=== TASK ITEM ===
Note each line of the listing that contains the string "sits", and copy it.

*** PROVIDED DATA Section Begins ***

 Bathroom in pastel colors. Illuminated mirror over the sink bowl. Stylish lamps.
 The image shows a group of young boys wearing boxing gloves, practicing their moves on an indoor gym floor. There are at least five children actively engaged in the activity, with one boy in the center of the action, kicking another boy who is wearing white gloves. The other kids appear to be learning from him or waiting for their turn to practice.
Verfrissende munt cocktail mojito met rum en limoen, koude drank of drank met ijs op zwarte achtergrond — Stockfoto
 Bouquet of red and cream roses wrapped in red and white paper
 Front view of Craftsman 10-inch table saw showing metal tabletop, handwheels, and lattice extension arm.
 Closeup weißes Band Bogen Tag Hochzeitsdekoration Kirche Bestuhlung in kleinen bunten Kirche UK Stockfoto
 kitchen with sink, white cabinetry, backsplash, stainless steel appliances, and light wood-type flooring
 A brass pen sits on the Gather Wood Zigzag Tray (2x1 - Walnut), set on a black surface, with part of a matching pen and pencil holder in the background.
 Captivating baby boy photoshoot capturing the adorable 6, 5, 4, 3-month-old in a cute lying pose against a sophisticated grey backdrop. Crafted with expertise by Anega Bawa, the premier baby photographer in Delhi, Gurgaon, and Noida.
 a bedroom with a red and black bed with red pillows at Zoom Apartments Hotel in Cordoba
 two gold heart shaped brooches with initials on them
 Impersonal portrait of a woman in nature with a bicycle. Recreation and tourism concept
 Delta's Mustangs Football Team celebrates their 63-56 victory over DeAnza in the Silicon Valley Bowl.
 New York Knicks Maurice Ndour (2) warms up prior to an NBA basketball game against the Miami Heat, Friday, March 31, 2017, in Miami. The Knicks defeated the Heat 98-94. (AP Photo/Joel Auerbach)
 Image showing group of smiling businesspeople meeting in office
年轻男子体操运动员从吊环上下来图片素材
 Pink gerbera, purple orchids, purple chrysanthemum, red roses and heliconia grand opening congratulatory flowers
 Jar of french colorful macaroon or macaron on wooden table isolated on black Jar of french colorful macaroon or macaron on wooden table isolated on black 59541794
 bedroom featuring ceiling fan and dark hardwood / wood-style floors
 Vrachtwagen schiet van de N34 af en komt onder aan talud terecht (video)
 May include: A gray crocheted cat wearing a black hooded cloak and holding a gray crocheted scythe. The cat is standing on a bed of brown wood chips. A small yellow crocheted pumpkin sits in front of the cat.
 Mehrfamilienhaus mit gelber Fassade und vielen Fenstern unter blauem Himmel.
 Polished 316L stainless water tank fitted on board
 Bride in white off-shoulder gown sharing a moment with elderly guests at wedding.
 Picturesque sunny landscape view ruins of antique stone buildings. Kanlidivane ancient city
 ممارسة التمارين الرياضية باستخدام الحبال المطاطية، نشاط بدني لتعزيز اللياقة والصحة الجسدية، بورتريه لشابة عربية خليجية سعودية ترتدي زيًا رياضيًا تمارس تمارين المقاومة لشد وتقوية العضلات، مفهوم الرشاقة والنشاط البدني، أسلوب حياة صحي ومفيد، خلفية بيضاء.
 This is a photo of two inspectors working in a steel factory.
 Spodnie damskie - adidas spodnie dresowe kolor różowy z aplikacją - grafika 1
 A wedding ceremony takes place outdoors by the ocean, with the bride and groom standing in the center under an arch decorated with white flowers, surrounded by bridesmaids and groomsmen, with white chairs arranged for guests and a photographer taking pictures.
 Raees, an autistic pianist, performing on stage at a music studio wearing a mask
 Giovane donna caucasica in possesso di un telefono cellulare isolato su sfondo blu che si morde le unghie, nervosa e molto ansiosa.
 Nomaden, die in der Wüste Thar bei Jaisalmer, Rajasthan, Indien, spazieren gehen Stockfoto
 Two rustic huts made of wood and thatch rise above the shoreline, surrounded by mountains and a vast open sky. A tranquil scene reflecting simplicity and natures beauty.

*** PROVIDED DATA Section Ends ***

=== SOLUTION TO THIS EXERCISE ===
 A brass pen sits on the Gather Wood Zigzag Tray (2x1 - Walnut), set on a black surface, with part of a matching pen and pencil holder in the background.
 May include: A gray crocheted cat wearing a black hooded cloak and holding a gray crocheted scythe. The cat is standing on a bed of brown wood chips. A small yellow crocheted pumpkin sits in front of the cat.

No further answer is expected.